— ACTIVITY —
Repeat only the lines between the one with "Sylvelise Suspension Lampe" and the end of the material below, both ends included. Omit any picture.

— STORED DATA —
================

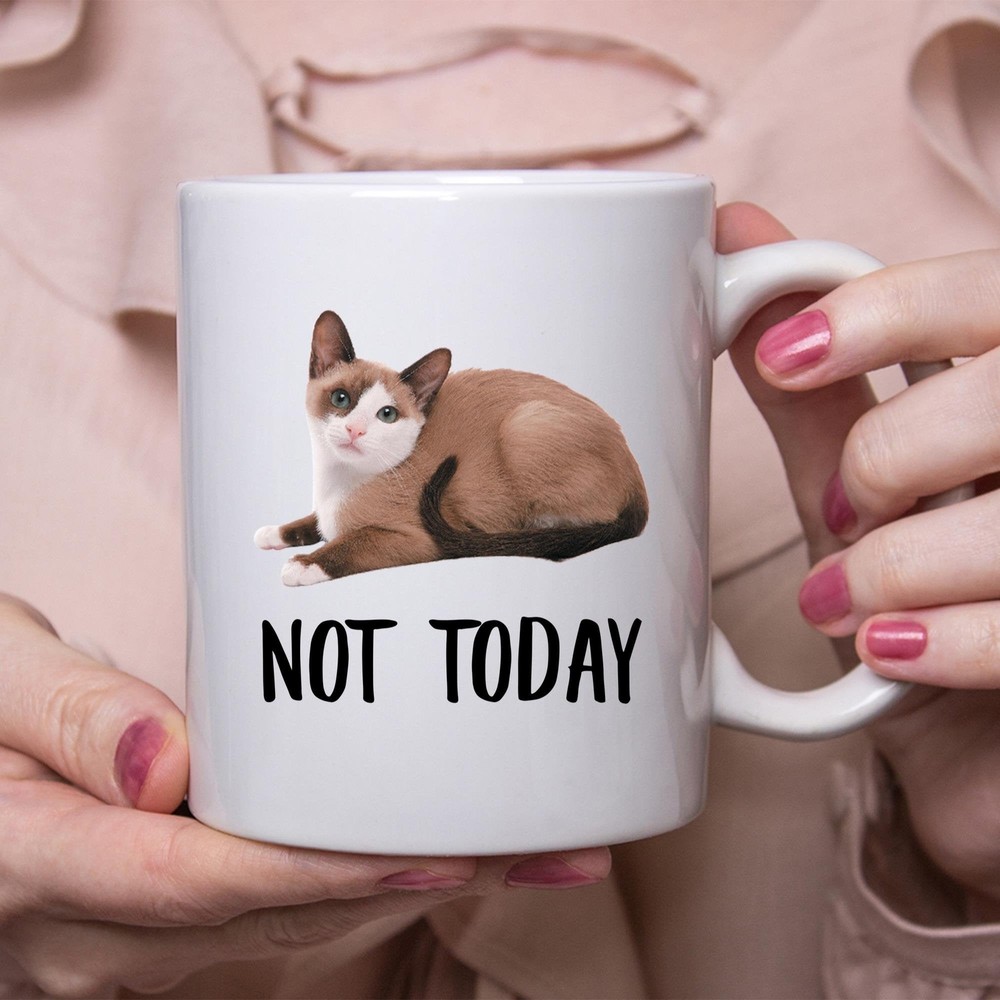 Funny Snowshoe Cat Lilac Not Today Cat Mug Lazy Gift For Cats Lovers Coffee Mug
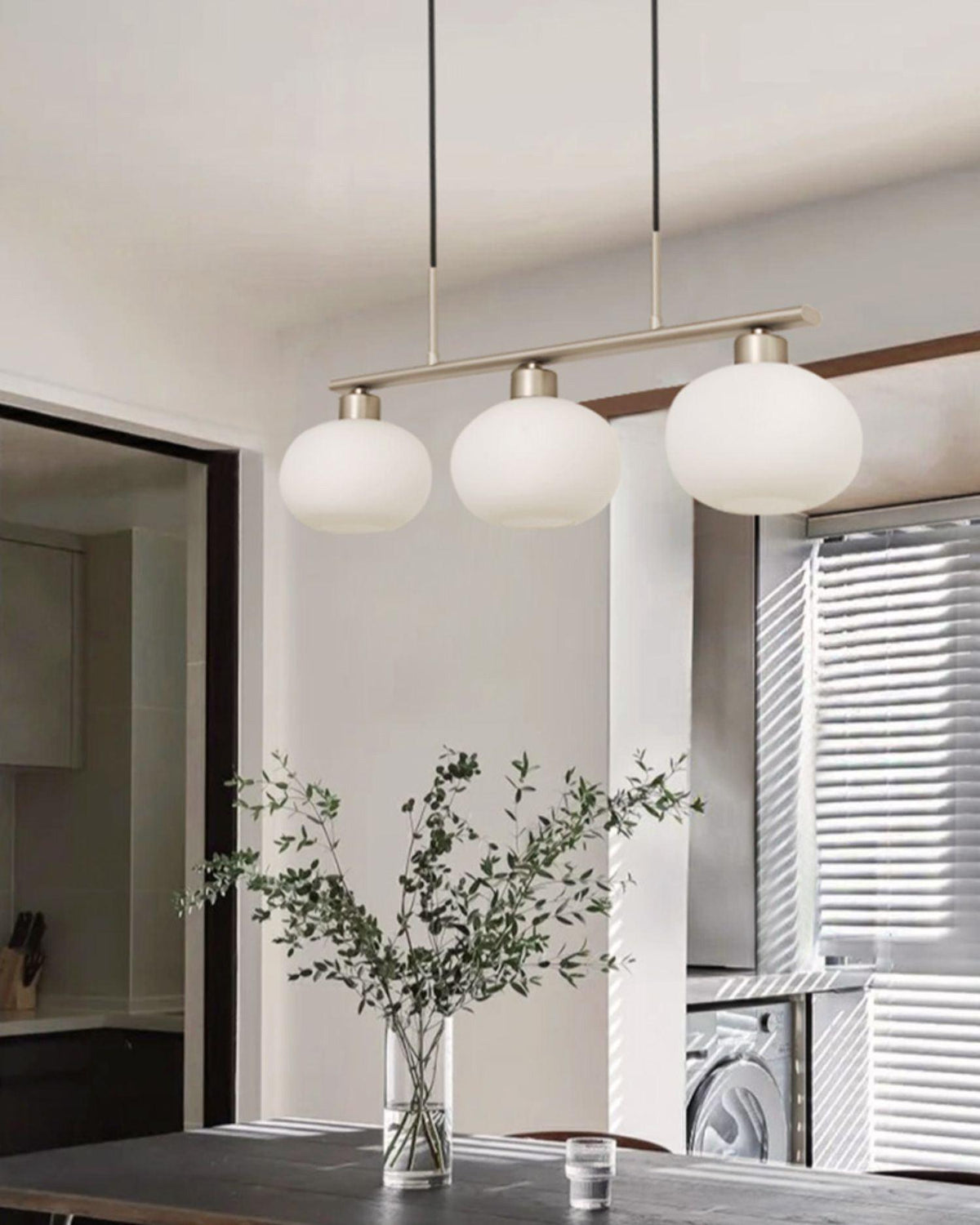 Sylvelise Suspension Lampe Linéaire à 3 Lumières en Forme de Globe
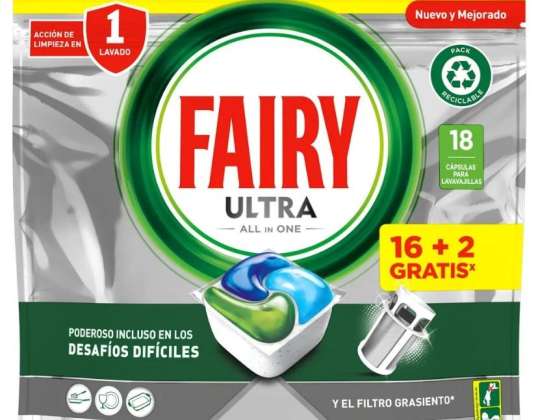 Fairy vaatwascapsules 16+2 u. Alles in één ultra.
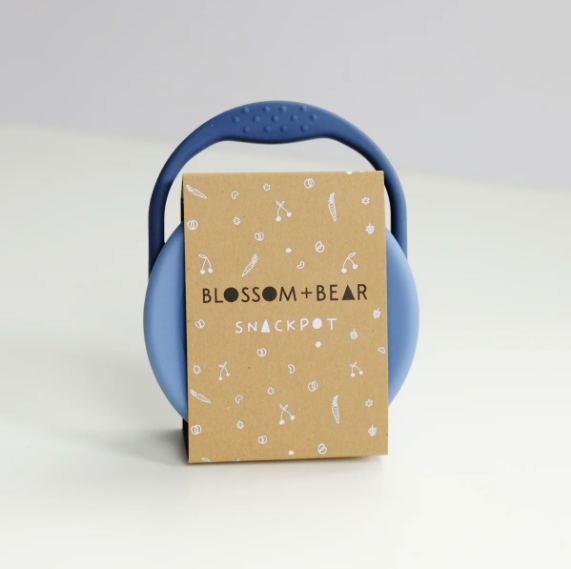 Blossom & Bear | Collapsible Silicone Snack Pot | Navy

================

— OUTPUT FOR THIS EXERCISE —
 Sylvelise Suspension Lampe Linéaire à 3 Lumières en Forme de Globe
 Fairy vaatwascapsules 16+2 u. Alles in één ultra.
 Blossom & Bear | Collapsible Silicone Snack Pot | Navy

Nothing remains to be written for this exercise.